(Image-caption web data)
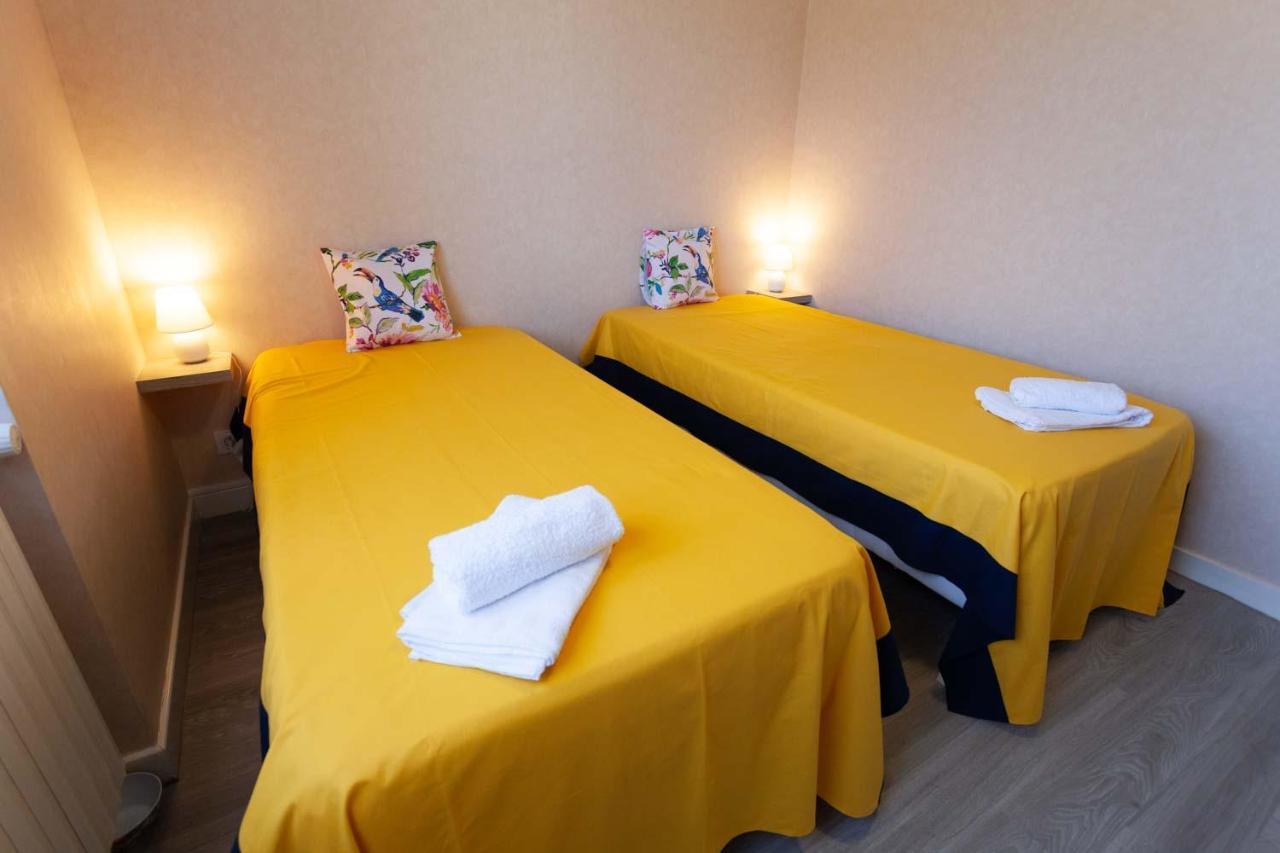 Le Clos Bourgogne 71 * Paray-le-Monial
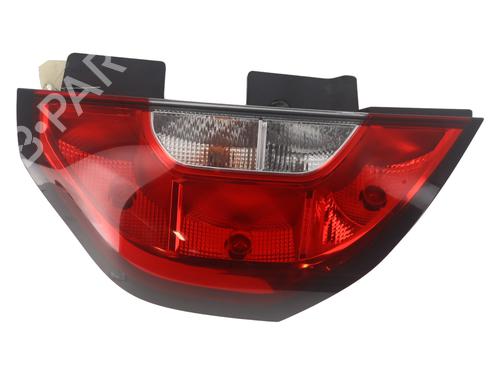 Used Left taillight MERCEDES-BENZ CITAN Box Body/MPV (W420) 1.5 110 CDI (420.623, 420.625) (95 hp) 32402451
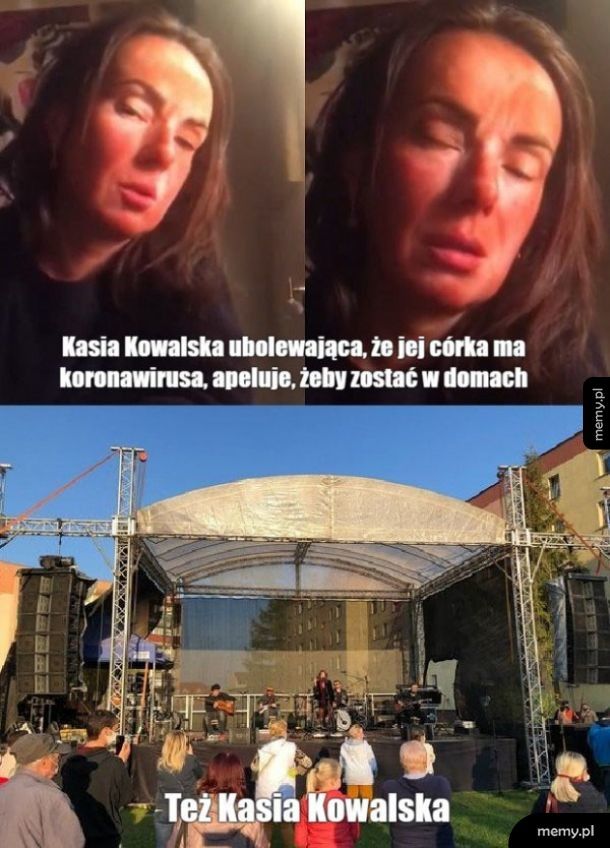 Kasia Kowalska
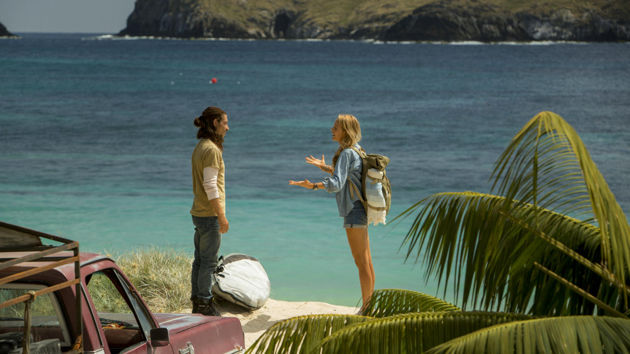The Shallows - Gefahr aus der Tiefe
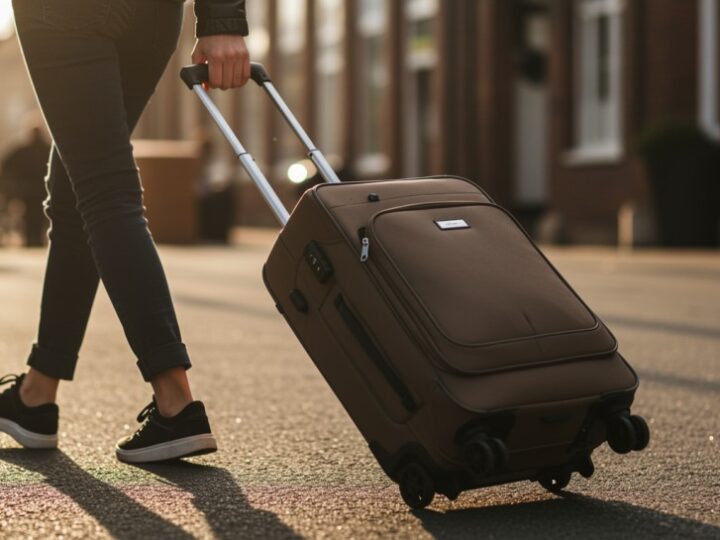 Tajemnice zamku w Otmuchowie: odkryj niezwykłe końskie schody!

● WHAT NEEDS TO BE DONE: Restate the records above exactly, less any pictures.

● TASK RESPONSE:
 Le Clos Bourgogne 71 * Paray-le-Monial
 Used Left taillight MERCEDES-BENZ CITAN Box Body/MPV (W420) 1.5 110 CDI (420.623, 420.625) (95 hp) 32402451
 Kasia Kowalska
The Shallows - Gefahr aus der Tiefe
 Tajemnice zamku w Otmuchowie: odkryj niezwykłe końskie schody!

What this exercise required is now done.